Below is some data. Retype exactly the lines starting at the one with "How to Incubate" and ending at the one with "身体发冷流清鼻涕是什么感冒".

____ MATERIALS PROVIDED

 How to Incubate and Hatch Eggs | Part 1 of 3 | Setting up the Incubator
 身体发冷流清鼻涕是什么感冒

________
____ MATERIALS PROVIDED

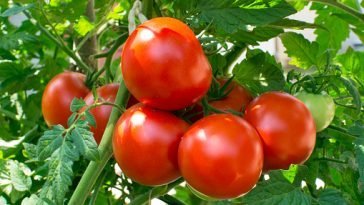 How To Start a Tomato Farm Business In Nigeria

________

SOLUTION TO THIS TASK:
 How to Incubate and Hatch Eggs | Part 1 of 3 | Setting up the Incubator
 身体发冷流清鼻涕是什么感冒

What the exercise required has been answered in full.